Once the above processes are completed, the parties can move one step closer to Trial by participating in the disclosure process described below.
Disclosure in QLD
The next phase is disclosure, sometimes also referred to as discovery. This is where the plaintiff and defendant exchange evidence in the proceeding. It is important to note that although there is a disclosure step in the process, disclosure can be required at any time throughout the proceeding.
The Courts have become increasingly comfortable with the parties exchanging documents electronically in the disclosure process where there are large amounts of information or where it is otherwise more practical.
Aside from the plaintiff and defendant disclosing documents between each other, the parties may also seek non-party disclosure. This is a process where a party to the proceeding seeks documents (or to inspect documents) from someone who isn’t a party to the proceeding.
Alternative Dispute Resolution in Queensland
At any stage, the Court may order mediation or a settlement conference between the parties. Alternatively, the parties may consent to this process. This allows the parties to settle before proceeding to trial.
In commercial contracts, there are often alternative dispute resolution provisions that must be followed before commencing litigation, except urgent injunctive relief.
For example, a dispute resolution clause may require the parties to enter mediation or arbitration before commencing legal action by filing a claim and statement of claim.

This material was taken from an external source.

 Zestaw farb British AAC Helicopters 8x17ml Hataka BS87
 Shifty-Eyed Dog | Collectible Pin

Interlocutory Steps in QLD
Interlocutory steps are those taken during a proceeding, where an application can be made to the Court where a specific ruling is to be made within the proceeding.
For example, directions hearings can be ordered, where the parties appear before the Magistrate or Judge to see where the parties are in the proceedings, if any further materials are required, and whether anything is impeding or delaying the progress of the matter.

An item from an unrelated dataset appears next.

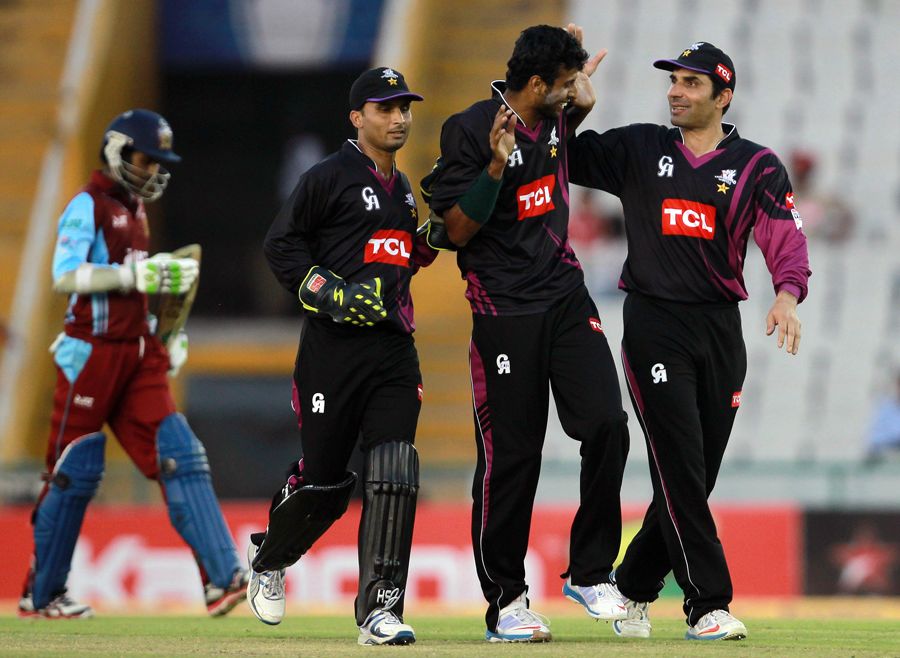 Ehsan Adil picked up three wickets in an economic spell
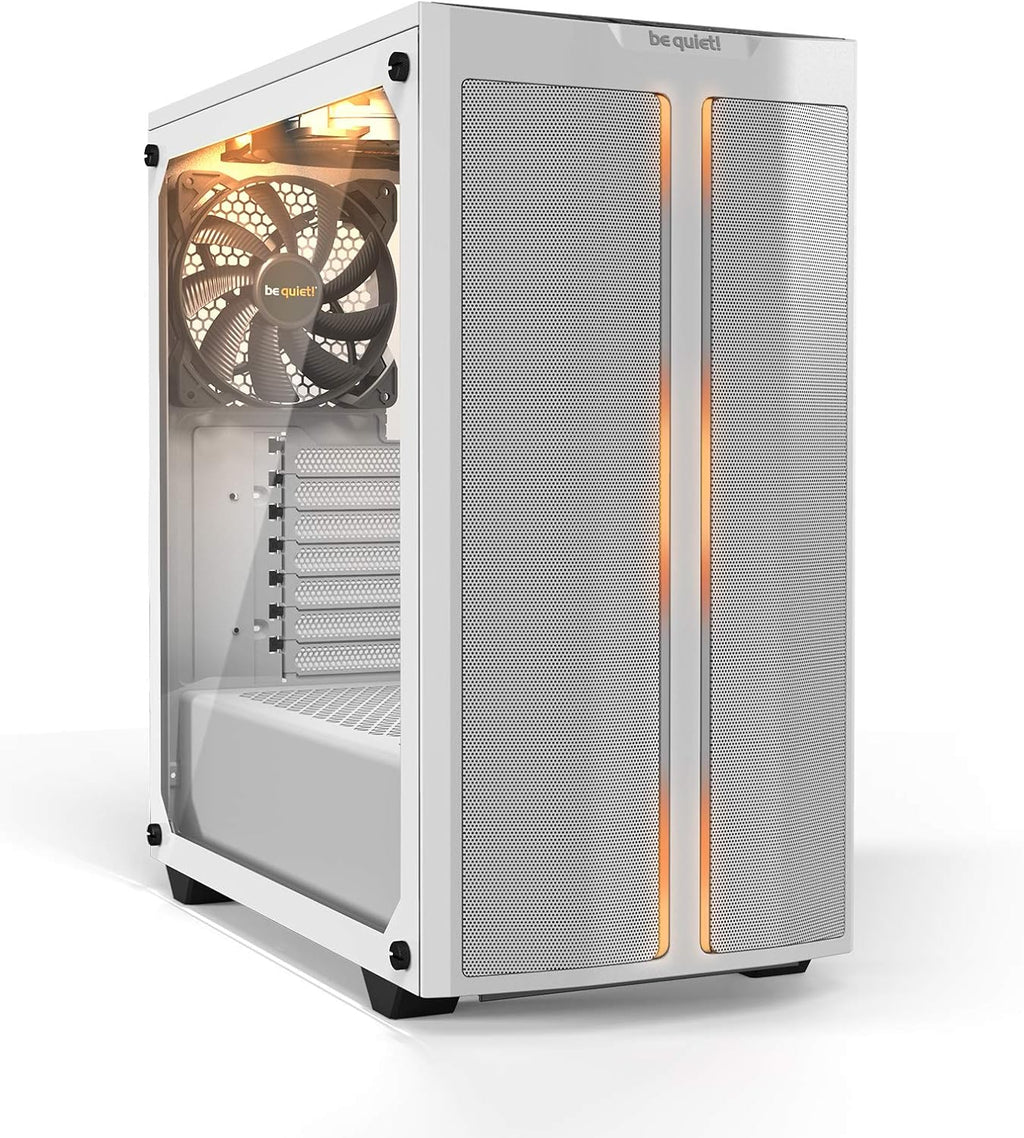 Black Mid Tower ATX Case with Tempered Glass Window Y82393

There may also be applications by the parties. An example of this may be a strikeout application where a party applies to the Court to strike out a part – or all of the pleadings – other applications may include further discovery or inspection of documents.
Another interlocutory step makes an application for Summary Judgment. This is where it is beyond doubt that one of the parties is doomed to fail.
Once the interlocutory steps are completed, the matter is listed for Trial. The duration of the Trial will be accurately estimated by counsel for each side in consultation with the Judge as the matter is being set down for Trial.
Going to Trial in Queensland
At the Trial, the Court will review and assess the parties’ evidence and apply the law to the facts of the case to reach its final decision in the proceeding.
At the end of the Trial, the Judge will often reserve their decision to be made later. If this is the case, the Court will notify the lawyers for the parties when the decision will be made available and send the decision by email to the parties.
If the matter is simple, the Judge or Magistrate, as the case may be, may deliver judgment at the end of the Trial – also known as delivering judgment Ex Tempore.